Uzun bir yoldan geliyorsun, yorgunsun. Şimdi teşrifatçının gösterdiği yere otur lütfen. Evet, evet el fenerini tuttuğu yer var ya, hah, işte tam da oraya, zira temaşa başlamak üzere…
Cincibir, Suga veya Elvan gazozu içebilirsin, çiğdem ya da patlamış mısır da verebilirim, ikramımızdır…
Karanlıkta kalmayı, oradan ışığa bakmayı seviyorsun… Hâlâ Eflatun’un Mağarası’nda gibisin! Bilmem kaç bin yıllık tarihinden bugünlere oturduğun yer hep aynı. Beyaz bir perdeye dikmişsin gözlerini, sâdece gözlerini mi? Hayır, şuurunu da…
***
Yazıdan önce görüntü vardı! Mağara resimleri. Yaşadığı dünyayı karanlıkta kalan kayalara çizdiği resimlerle aydınlatan ve mânâlandıran insanın belki de ilk keşfi, görüntülü anlatım sanatı. Bence o günlere kadar sessiz, o vakte kadar yalnız ve o zamana kadar ışıksız yaşayan insanoğlu medeniyete “görüntülü anlatım” yoluyla ulaştı.
Gördüğünü, bildiğini ve anlatmak istediğini taşlara çiziktirdiği resimlerle müşahhas kılmak insan düşüncesinin atladığı ilk merhale olmalı… Bu, “yaratma arzusunun, var olduğunun ve yaşadığının” ilk ispatıdır da aslında. Kadîm bir tespit; “duyduğundan çok gördüğüne inanıyor insan”. Gördüğüne ve hayal edebildiğine…
“Görmediğime inanmam!” diye haykıran Hz. Ali’nin bize verdiği gizemli şifre de “Görmekle inanmak arasındaki bağı” vurguluyor olsa gerek; görme, hayal etme ve resmetme.

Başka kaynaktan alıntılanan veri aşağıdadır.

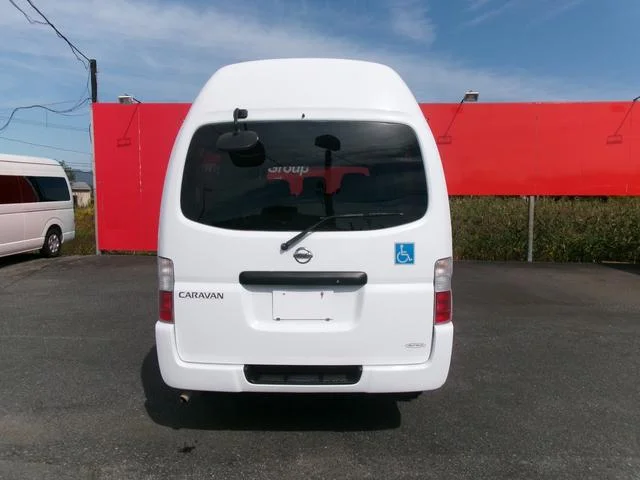 Nissan CARAVAN BUS — фото 3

Hükmünü ansızın vermeyen, kıssalarla süsleyen Allah, anlayabilelim diye tasavvur ve hayal etmemizi istiyor Kur’an-ı Kerim’inde. Kıssaların kutsal kitabımızda yer alması da başka bir şifre… Muharref İncil’in ve Tevrat’ın birer masal kitabı gibi hikâyelerle dolu olmasının mânâsı da bu olmalı.